### The records

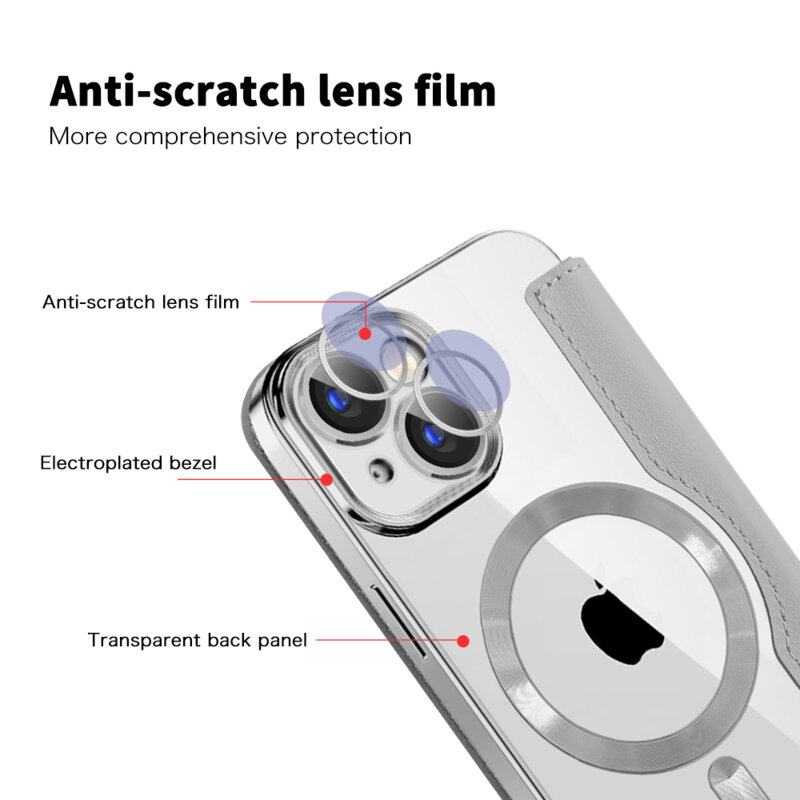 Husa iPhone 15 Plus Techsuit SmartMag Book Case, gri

######
### The records

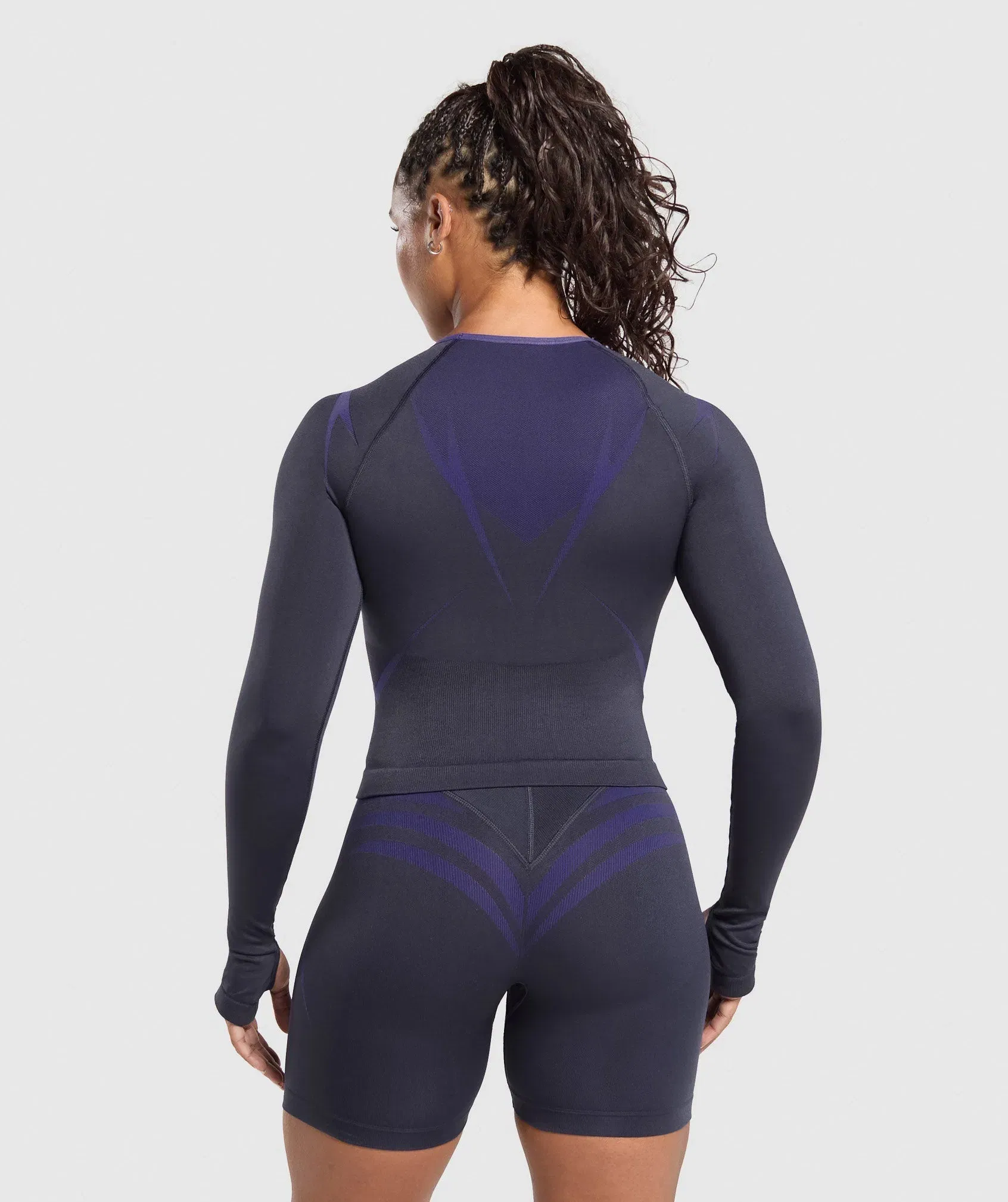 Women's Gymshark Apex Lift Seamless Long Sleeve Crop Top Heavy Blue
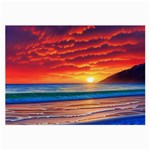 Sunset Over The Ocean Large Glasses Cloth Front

######

--- Task item ---
Copy only what lies between the line with "Women's Gymshark Apex" and the line with "Sunset Over The", those two lines included, exactly as given above; pictures stay out.

--- Finished exercise ---
 Women's Gymshark Apex Lift Seamless Long Sleeve Crop Top Heavy Blue
 Sunset Over The Ocean Large Glasses Cloth Front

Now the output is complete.